For years, Harvard restricted Pentagon access because the military’s “don’t ask, don’t tell” policy toward gays violated the Law School’s nondiscrimination rules.
Speakers at the rally assailed the Solomon Amendment, which was signed into law by President Clinton in 1996 and empowers the Pentagon to cut off federal funding for universities that restrict military recruiters’ access to students. Faced with a Pentagon threat to block hundreds of millions of dollars in funding to Harvard, the Law School backed down from its policy in 2002.
Friday’s rally came less than a week after both houses of Congress passed legislation strengthening the provisions of the Solomon Amendment.
Congressional sponsors of the new measure—which also mandates that schools receiving funds honor Pentagon requests to establish Reserve
Officer Training Corps (ROTC) facilities on campus—said the legislation was specifically targeted at Harvard, which banished ROTC from campus 35 years ago.
The measure is attached to the Defense Authorization Act, a $446 billion spending package that President Bush is all but certain to sign into law in the coming weeks.
When the House debated the measure in March, Rep. Christopher Cox, R-Calif., a former member of the Harvard Business School faculty and co-sponsor of the bill, said the legislation “squarely addresses the scandal of Harvard University and other schools banishing ROTC and military recruiters from campus, while cashing Uncle Sam’s checks for billions of taxpayer dollars each year.”
Kevin Casey, Harvard’s senior director of federal and state relations, said this spring that the military has not requested permission to set up a ROTC station on campus. Harvard students currently attend ROTC at MIT, along with students from several area colleges.
Casey wrote in an e-mail last night that the University is already in compliance with the standards set by last week’s Congressional bill, and “the legislation does not require any further action by Harvard.”
When the Faculty of Arts and Sciences voted to send ROTC packing in 1969, professors railed against the military’s handling of the Vietnam War. Today, the fight over military recruiting on campus centers on the armed forces’ controversial “don’t ask, don’t tell” policy, which requires the discharge of openly gay and lesbian service members.
“The government shouldn’t use the power of the purse strings to force educational institutions to renounce their most foundational principles,” Dean Elena Kagan told protesters Friday.
Kagan was one of 54 Harvard Law School faculty members who signed a friend-of-the-court brief in January backing the Forum for Academic and Institutional Rights (FAIR), a nationwide network of 20 law schools suing Defense Secretary Donald H. Rumsfeld and five other Bush cabinet members to halt enforcement of the Solomon Amendment.
Last October, a majority of the Law School faculty signed a letter urging University President Lawrence H. Summers to “join or initiate” litigation challenging the Pentagon policy. Dershowitz and others had also called for such a lawsuit at a rally in October 2002.
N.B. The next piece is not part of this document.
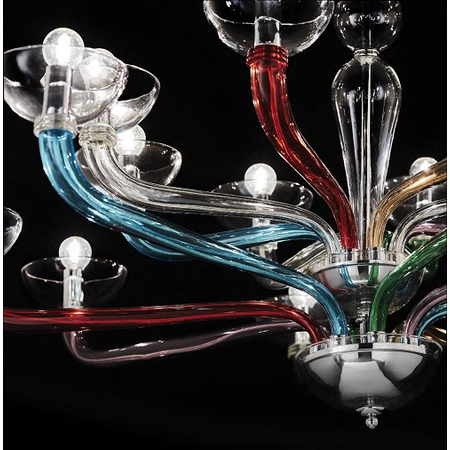 Candelabru casanova, 12 becuri, dulie e14, d:890 mm, h:750/1650 mm, multicolor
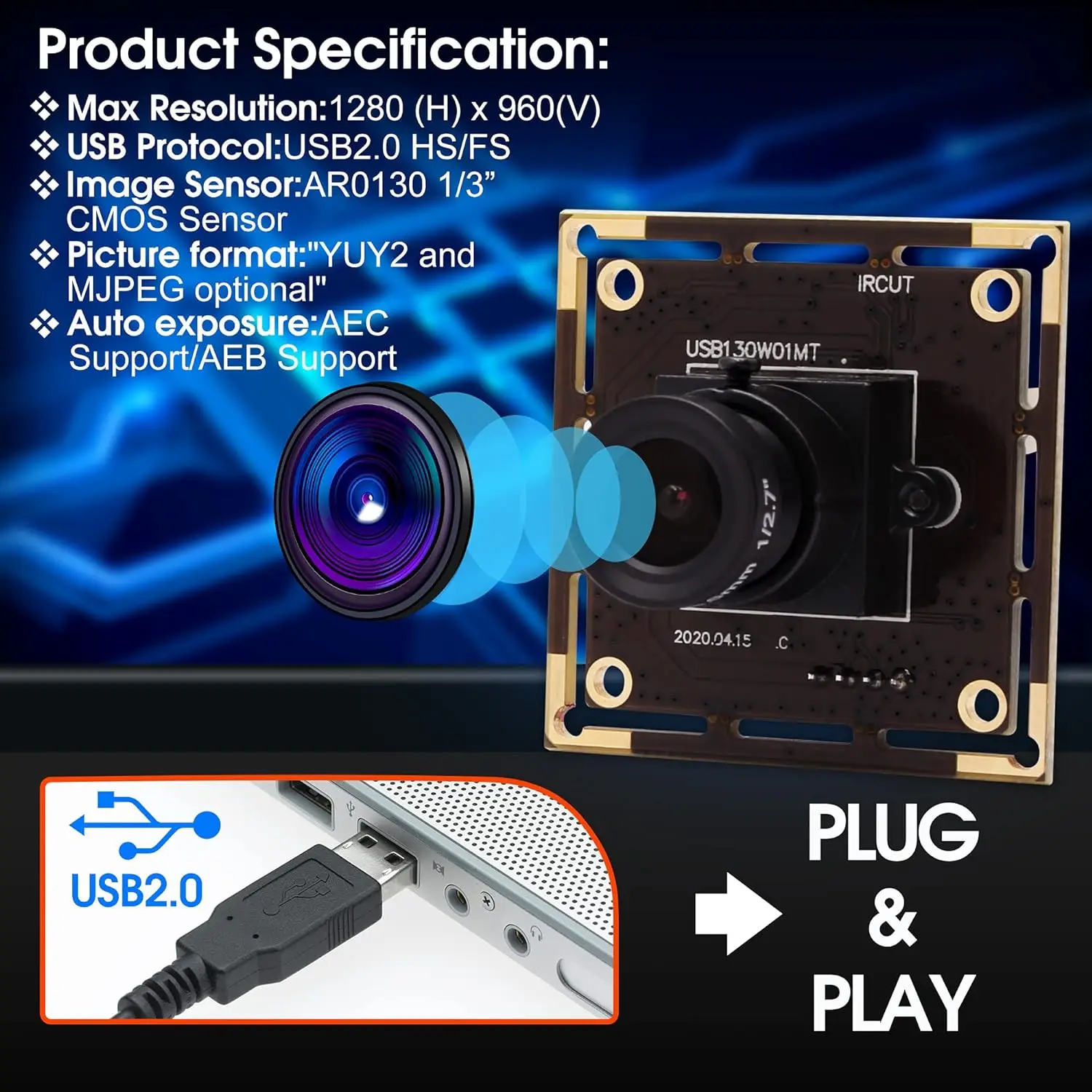 ELP 960P HD CMOS Camera Module AR0130 Board Low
The professors’ brief argued that the school had been in compliance with the Solomon Amendment even prior to Harvard’s 2002 decision to waive its nondiscrimination policy for military recruiters. Before then, the Harvard Law School Veterans Association organized meetings between students and Pentagon officials, but the school’s Office of Career Services (OCS) played no part in the process.
The legislation passed last Saturday seems designed as a response to the Harvard professors’ January brief.
The brief noted that the original wording of the Solomon Amendment only barred funding to schools that “prohibit” or “in effect prevent” military recruitment on campus. The professors argued that the law did not require Harvard to actively assist recruitment by giving the Pentagon access to OCS resources.
But Professor of Law Janet Halley, who signed the brief, said at the rally Friday that the pre-2002 arrangement, even if permitted by the Solomon Amendment, was morally unjustifiable. She said Harvard’s practice of accommodating the military through the Veterans Association had reduced the school’s nondiscrimination policy to “transcendental nonsense.”
Under the new legislation, military recruiters can demand access to students “at least equal in quality and scope” to that which schools provide other employers.
Asked if the legislation will impact the FAIR suit, Bloomberg Professor of Law Martha L. Minow—who spearheaded the filing of the friend-of-the-court brief—said that Harvard faculty “are studying the effect of the recently adopted law and inquiring about the Defense Department’s interpretation of it, so...it is too early to answer.”